Roberts’ vote helped preserve a longstanding doctrine requiring courts to defer to administrative agencies’ interpretation of ambiguous regulations, suggesting the the Chief Justice may not be as willing to overturn precedent as his conservative colleagues.
These cross-over votes by the Chief Justice are often explained by his desire for consensus building, said McDermott partner Paul W. Hughes.
He pointed to Roberts’ latest cross-over vote in the administrative law case, which really seemed to push the court to the middle, Hughes said. Hughes argued for the petitioner in that case.
That cross-over put Roberts just ahead of Justice Clarence Thomas, who’s crossed over a total of six times since joining the court in 1991. Roberts has joined liberal in a 5-4 vote seven times, including his controversial vote in 2012 to uphold Obamacare.
Thomas’s sixth cross-over vote came in a class action decision favoring class action plaintiffs.
Justice Samuel Alito, who has been on the bench since 2006, had his first ever cross-over vote June 20 in a case about sex offender registries.

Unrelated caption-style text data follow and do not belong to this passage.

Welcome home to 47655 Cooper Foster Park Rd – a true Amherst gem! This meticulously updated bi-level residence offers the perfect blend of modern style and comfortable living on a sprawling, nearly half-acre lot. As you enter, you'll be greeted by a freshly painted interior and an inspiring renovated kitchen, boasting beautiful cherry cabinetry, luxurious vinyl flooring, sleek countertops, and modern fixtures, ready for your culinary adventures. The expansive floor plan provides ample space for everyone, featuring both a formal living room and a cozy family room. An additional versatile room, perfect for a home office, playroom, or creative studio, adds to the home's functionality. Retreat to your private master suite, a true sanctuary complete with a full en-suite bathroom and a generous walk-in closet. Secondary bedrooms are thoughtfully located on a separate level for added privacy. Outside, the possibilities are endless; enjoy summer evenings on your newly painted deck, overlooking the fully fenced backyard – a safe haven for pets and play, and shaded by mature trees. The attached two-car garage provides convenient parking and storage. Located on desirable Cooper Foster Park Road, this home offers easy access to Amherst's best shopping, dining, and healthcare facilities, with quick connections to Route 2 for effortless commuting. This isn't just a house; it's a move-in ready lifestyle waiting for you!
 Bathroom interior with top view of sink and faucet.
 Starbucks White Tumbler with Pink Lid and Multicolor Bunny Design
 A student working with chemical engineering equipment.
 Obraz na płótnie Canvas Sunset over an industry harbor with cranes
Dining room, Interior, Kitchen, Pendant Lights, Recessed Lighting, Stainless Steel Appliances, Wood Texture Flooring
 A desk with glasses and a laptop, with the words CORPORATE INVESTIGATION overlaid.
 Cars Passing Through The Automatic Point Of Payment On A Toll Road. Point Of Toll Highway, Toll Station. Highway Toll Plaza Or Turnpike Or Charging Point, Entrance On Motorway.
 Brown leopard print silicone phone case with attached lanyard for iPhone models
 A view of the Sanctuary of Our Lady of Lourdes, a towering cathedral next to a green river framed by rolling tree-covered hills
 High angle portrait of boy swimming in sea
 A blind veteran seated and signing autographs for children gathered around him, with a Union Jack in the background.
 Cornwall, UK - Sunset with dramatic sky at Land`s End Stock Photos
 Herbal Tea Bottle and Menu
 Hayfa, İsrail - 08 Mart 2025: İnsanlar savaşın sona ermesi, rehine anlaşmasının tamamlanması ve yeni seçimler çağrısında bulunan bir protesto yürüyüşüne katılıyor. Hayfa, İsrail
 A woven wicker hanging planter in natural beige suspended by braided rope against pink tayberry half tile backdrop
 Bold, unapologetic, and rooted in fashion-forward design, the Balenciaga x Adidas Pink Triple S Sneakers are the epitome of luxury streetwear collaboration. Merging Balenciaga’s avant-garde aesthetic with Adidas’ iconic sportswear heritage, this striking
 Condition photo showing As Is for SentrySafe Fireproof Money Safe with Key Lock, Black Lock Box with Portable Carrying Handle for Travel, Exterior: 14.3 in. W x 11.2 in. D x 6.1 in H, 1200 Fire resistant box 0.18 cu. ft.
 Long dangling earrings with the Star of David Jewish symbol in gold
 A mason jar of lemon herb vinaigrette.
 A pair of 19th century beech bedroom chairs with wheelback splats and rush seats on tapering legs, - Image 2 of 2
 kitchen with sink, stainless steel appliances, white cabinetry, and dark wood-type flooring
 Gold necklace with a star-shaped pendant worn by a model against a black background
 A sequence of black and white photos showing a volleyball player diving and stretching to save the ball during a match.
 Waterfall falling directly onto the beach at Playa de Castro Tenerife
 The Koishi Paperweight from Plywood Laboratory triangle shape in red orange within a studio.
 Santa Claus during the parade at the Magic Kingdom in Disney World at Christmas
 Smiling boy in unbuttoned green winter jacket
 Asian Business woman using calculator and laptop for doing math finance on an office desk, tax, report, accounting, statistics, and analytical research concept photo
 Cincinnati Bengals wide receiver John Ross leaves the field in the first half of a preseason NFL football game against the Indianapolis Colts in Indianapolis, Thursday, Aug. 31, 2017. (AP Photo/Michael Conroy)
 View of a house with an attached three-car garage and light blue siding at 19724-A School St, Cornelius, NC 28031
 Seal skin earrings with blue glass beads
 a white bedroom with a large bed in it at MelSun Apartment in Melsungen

Hughes said Alito’s vote can be explained in part by the fact that Alito is a former prosecutor, and the court’s decision came down against criminal defendants.
Others have suggested that Alito’s vote isn’t a true cross-over based on the language in his separate concurrence.
At issue was a little-used doctrine known as the non-delegation doctrine, which curbs the power Congress can hand over to the executive.
Alito said it wasn’t the appropriate time to revive the doctrine, but added that he’d be open to doing so "[i]f a majority of this Court were willing to reconsider the approach we have taken for the past 84 years.”
“But because a majority is not willing to do that, it would be freakish to single out the provision at issue here for special treatment,” Alito wrote.
The court’s newest justice, Brett Kavanaugh, also racked up his first cross-over vote this term.
He sided with his more liberal colleagues in an antitrust case against tech-giant Apple.